> [What the exercise asks]
Keep the wording of the records intact as you retype them, and omit every image.
━━ Data for the task ━━
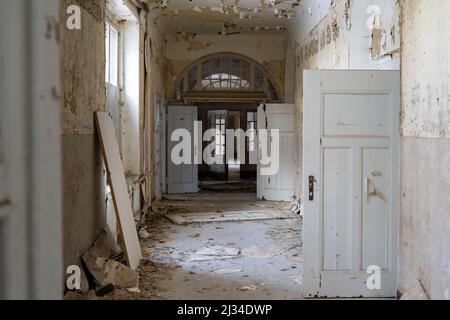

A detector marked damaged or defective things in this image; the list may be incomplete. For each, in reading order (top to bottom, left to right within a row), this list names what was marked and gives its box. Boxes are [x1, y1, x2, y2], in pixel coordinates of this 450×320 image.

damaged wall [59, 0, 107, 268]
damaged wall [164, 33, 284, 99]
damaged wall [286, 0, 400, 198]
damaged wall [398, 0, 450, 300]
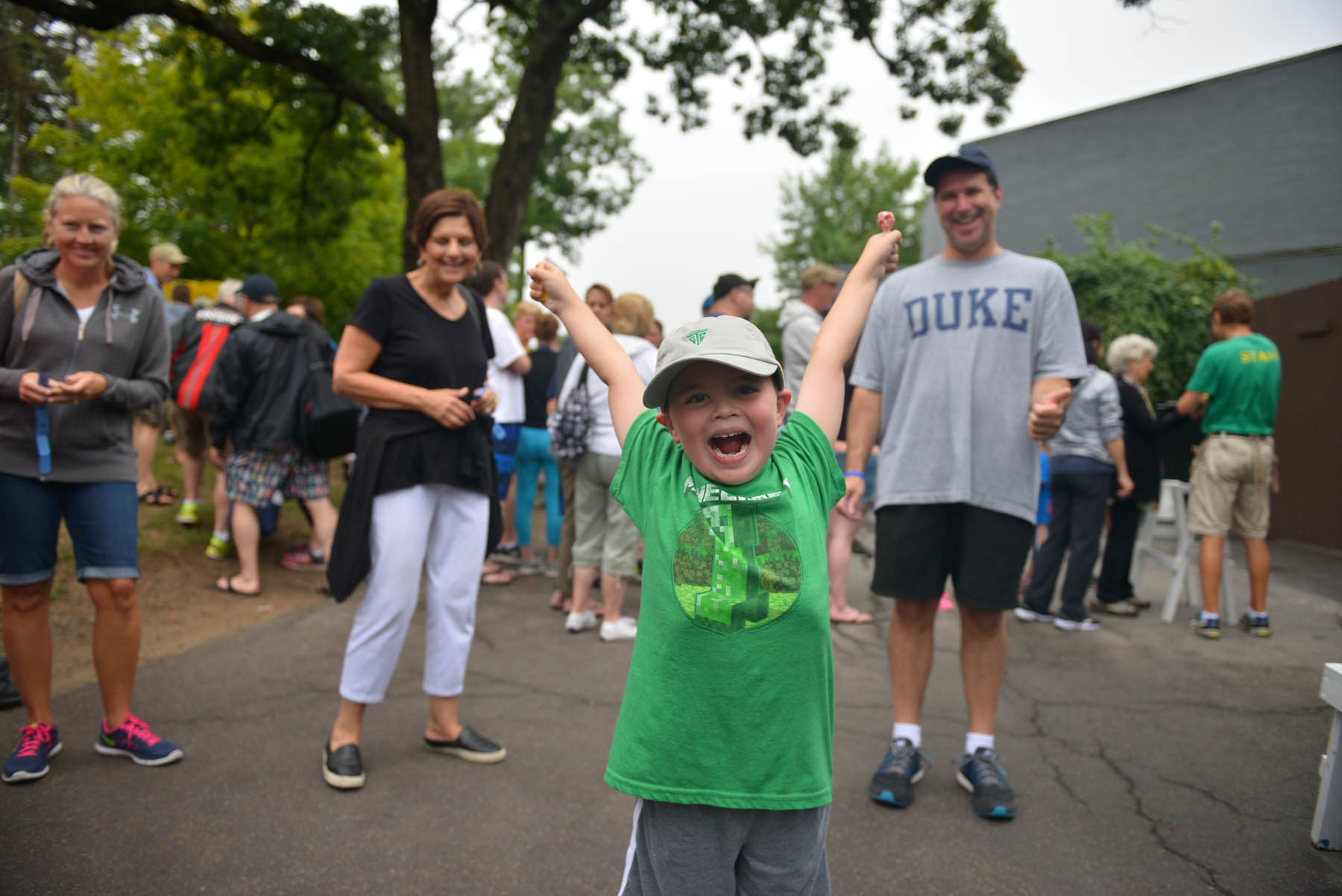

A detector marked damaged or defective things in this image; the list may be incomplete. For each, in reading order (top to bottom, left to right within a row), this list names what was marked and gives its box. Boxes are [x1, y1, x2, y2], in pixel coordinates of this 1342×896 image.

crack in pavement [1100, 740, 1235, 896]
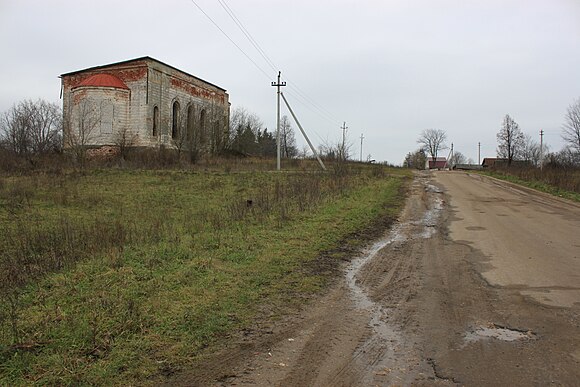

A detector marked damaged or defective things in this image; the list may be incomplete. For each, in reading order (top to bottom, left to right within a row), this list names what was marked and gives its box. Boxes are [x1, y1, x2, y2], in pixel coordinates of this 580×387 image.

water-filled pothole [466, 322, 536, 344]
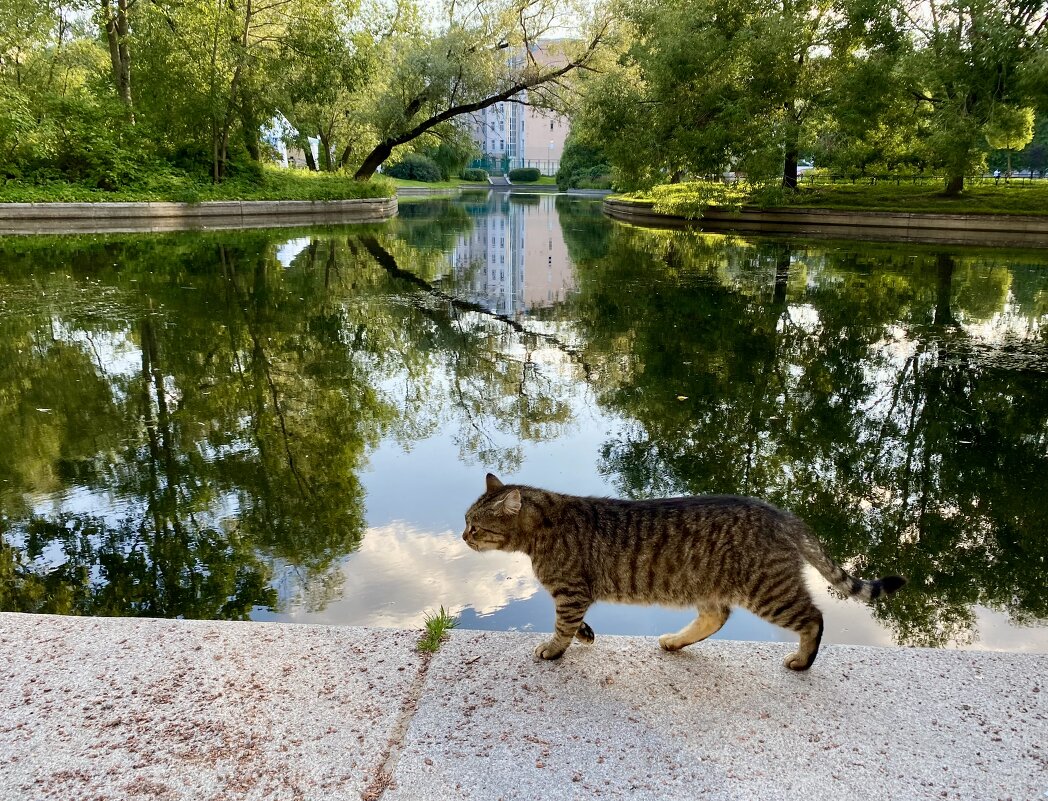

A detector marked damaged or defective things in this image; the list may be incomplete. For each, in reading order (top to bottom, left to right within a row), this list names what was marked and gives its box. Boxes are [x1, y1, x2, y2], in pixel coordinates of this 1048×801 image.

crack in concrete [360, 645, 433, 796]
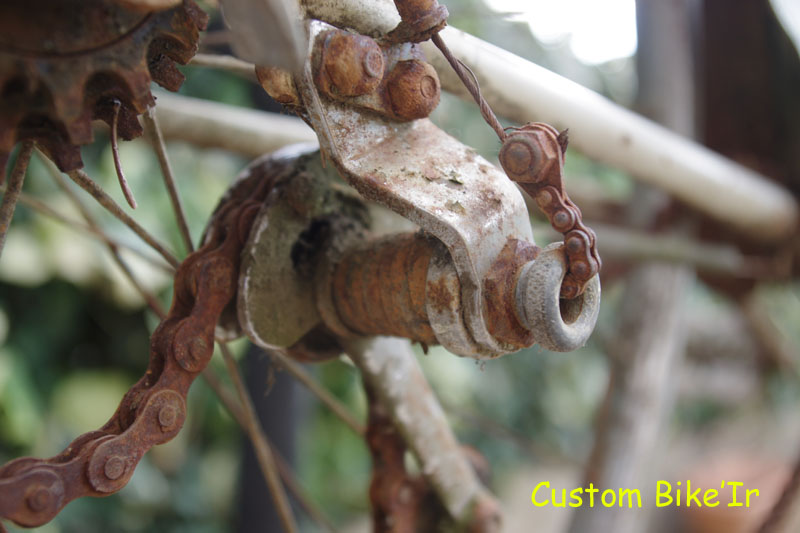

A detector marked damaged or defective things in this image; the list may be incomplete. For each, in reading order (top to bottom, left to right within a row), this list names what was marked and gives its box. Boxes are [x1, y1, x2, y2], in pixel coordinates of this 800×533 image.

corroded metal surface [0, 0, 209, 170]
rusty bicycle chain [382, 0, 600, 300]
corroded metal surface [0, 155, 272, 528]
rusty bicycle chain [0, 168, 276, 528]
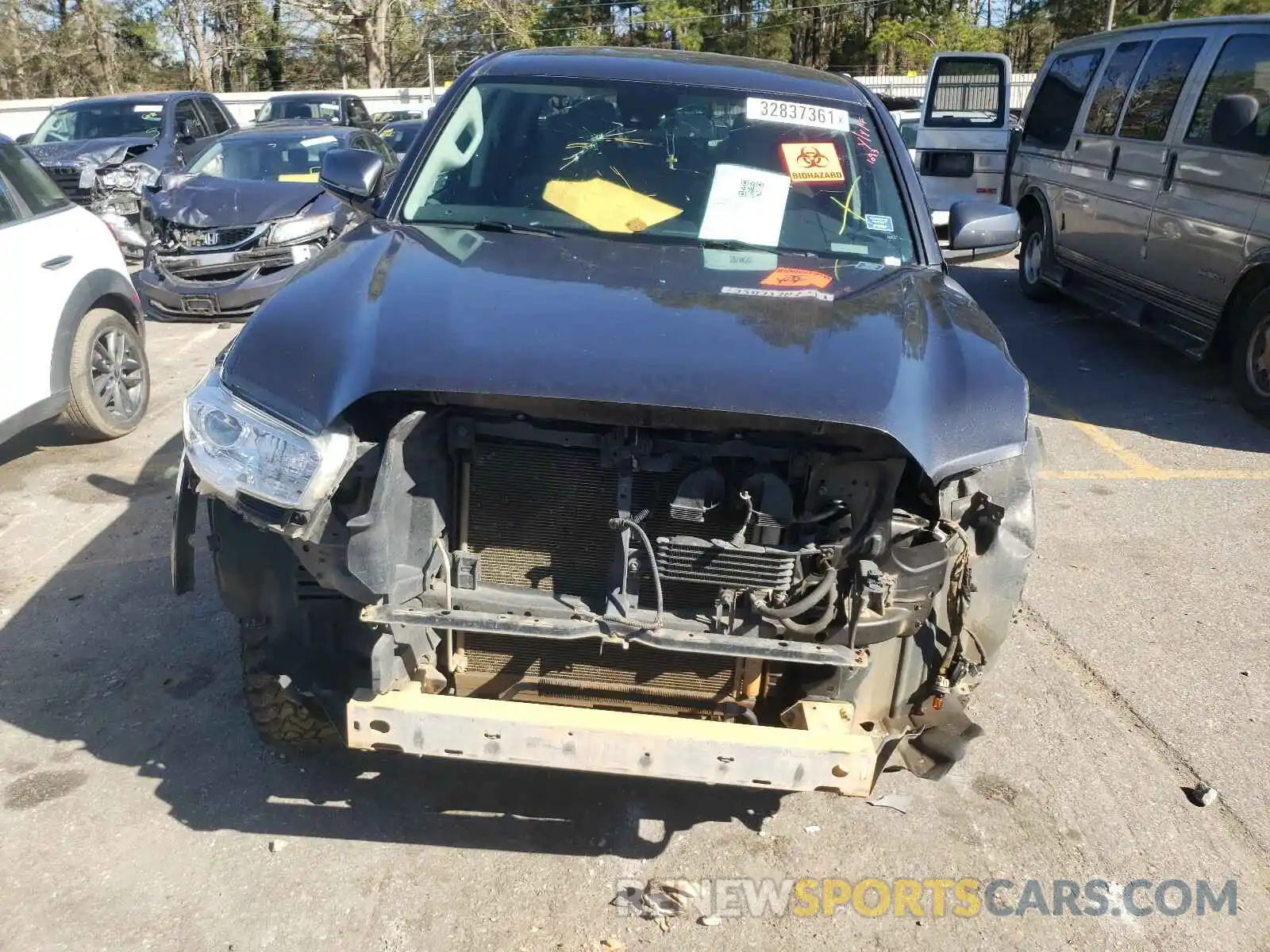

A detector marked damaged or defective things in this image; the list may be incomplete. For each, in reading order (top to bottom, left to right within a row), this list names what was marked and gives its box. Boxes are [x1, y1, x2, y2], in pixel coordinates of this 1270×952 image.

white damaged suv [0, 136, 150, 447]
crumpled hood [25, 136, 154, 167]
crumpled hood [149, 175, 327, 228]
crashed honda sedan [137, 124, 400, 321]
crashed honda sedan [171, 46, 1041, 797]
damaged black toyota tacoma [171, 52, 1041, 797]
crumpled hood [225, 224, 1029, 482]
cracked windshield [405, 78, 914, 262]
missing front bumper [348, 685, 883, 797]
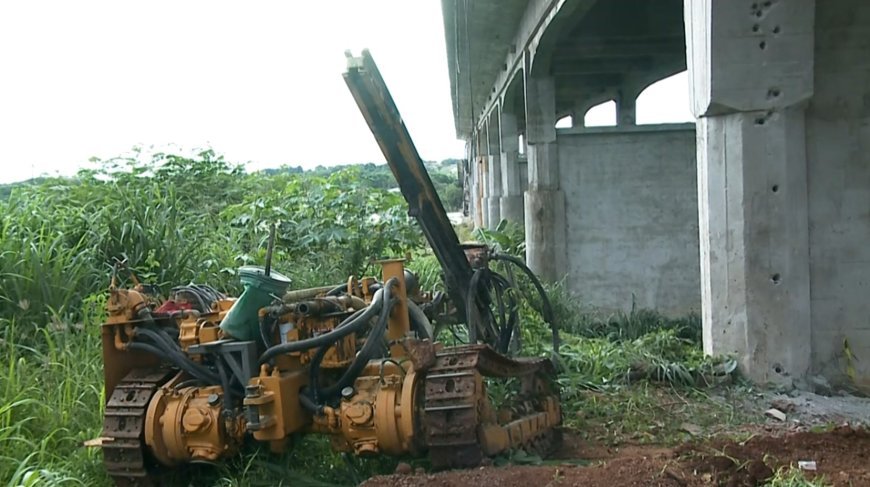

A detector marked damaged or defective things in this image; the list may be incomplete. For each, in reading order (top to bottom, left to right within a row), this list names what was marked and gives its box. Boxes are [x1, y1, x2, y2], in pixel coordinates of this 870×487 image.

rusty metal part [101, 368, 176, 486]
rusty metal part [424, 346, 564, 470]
━━━
> [Response area]
A detector marked damaged or defective things in this image; the list may be incomplete. For each, in reading order (top to bottom, left to right within a row), this list names what was marked and gives its box. Boxes are [x1, y1, x2, y2], in pixel coordinates of this 450×320 image.

damaged wall [59, 0, 107, 268]
damaged wall [164, 33, 284, 99]
damaged wall [286, 0, 400, 198]
damaged wall [398, 0, 450, 300]

A detector marked damaged or defective things in this image; the list may be incomplete. For each, in reading order (top to bottom, left to right within a row), this list names what was marked and gives its box. Boxes are [x1, y1, x2, y2], in pixel coordinates of this 1342×896 image.

crack in pavement [1100, 740, 1235, 896]

A detector marked damaged or defective things in this image; the list may be incomplete. For each, in reading order (top to bottom, left to right within a row), this list names what was marked and gives its box. Boxes are [x1, y1, x2, y2], in pixel coordinates of this 580×387 image.

water-filled pothole [466, 322, 536, 344]

A detector marked damaged or defective things in this image; the list may be incomplete. For each, in reading order (top to bottom, left to right within a row), this list names what was marked and gives its box. Boxes are [x1, y1, x2, y2], in pixel coordinates of this 1048×801 image.

crack in concrete [360, 645, 433, 796]

A detector marked damaged or defective things in this image; the list may be incomplete. For each, in reading order (top to bottom, left to right within a row), this list names what was marked and gives its box. Boxes are [x1, y1, x2, y2], in pixel coordinates of this 800×533 image.

corroded metal surface [0, 0, 209, 170]
rusty bicycle chain [382, 0, 600, 300]
corroded metal surface [0, 155, 272, 528]
rusty bicycle chain [0, 168, 276, 528]

A detector marked damaged or defective things in this image; the list may be incomplete. For each, in reading order (top to bottom, left to right within a row), this list names what was marked and gives its box. Boxes are [x1, y1, x2, y2], in pixel coordinates of this 1270×952 image.

white damaged suv [0, 136, 150, 447]
crumpled hood [25, 136, 154, 167]
crumpled hood [149, 175, 327, 228]
crashed honda sedan [137, 124, 400, 321]
crashed honda sedan [171, 46, 1041, 797]
damaged black toyota tacoma [171, 52, 1041, 797]
crumpled hood [225, 224, 1029, 482]
cracked windshield [405, 78, 914, 262]
missing front bumper [348, 685, 883, 797]

A detector marked damaged or defective things in this image; the list may be incomplete. For each, in reading order (top to bottom, left to right within a row), this list names what was marked and gives its box. Boxes are [x1, y1, x2, y2], in pixel coordinates of this 870×487 image.

rusty metal part [101, 368, 176, 486]
rusty metal part [424, 346, 564, 470]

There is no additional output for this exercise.